**AIM OF THE TASK:** The reply must repeat each entry exactly and contain no pictures.

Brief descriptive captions
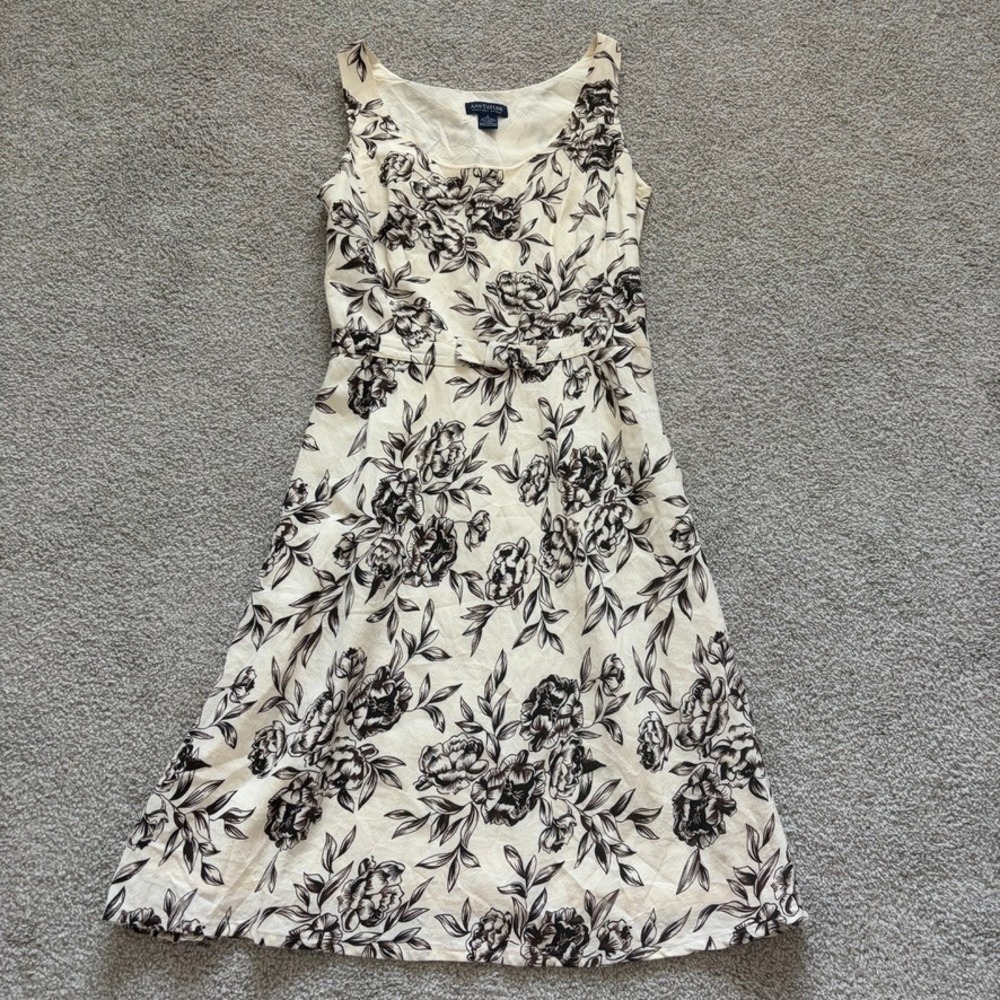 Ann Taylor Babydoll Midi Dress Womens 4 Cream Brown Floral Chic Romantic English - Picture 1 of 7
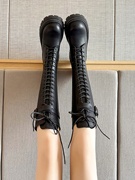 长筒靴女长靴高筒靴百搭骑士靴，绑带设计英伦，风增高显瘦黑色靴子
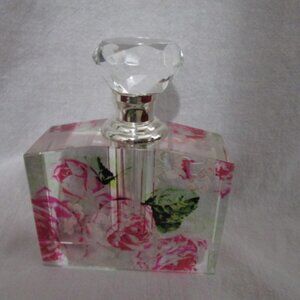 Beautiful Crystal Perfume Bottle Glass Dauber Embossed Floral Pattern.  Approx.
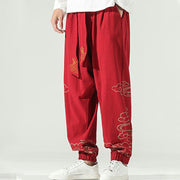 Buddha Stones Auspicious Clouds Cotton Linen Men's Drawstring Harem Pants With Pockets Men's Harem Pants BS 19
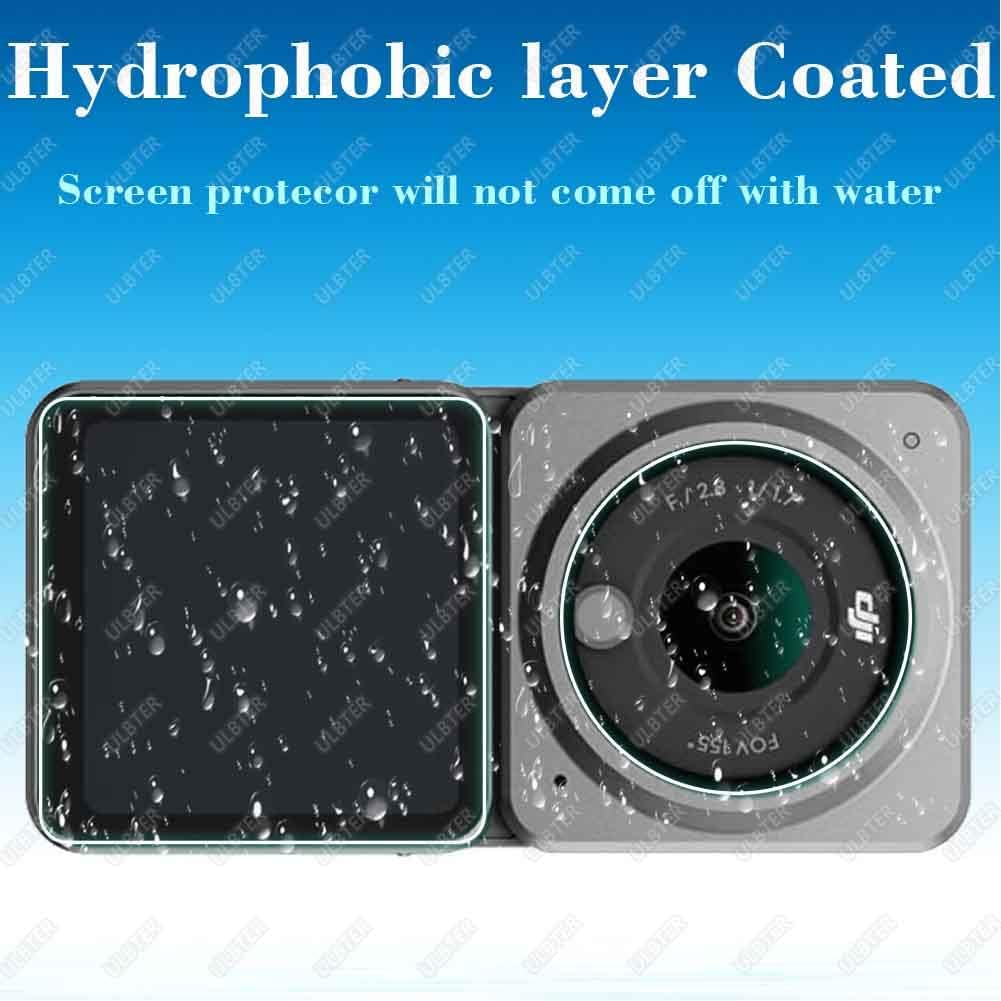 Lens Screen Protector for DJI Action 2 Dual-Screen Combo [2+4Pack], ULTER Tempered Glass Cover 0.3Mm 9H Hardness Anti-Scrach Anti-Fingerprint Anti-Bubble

**RESPONSE TO THE EXERCISE:**
 Ann Taylor Babydoll Midi Dress Womens 4 Cream Brown Floral Chic Romantic English - Picture 1 of 7
 长筒靴女长靴高筒靴百搭骑士靴，绑带设计英伦，风增高显瘦黑色靴子
 Beautiful Crystal Perfume Bottle Glass Dauber Embossed Floral Pattern.  Approx.
 Buddha Stones Auspicious Clouds Cotton Linen Men's Drawstring Harem Pants With Pockets Men's Harem Pants BS 19
 Lens Screen Protector for DJI Action 2 Dual-Screen Combo [2+4Pack], ULTER Tempered Glass Cover 0.3Mm 9H Hardness Anti-Scrach Anti-Fingerprint Anti-Bubble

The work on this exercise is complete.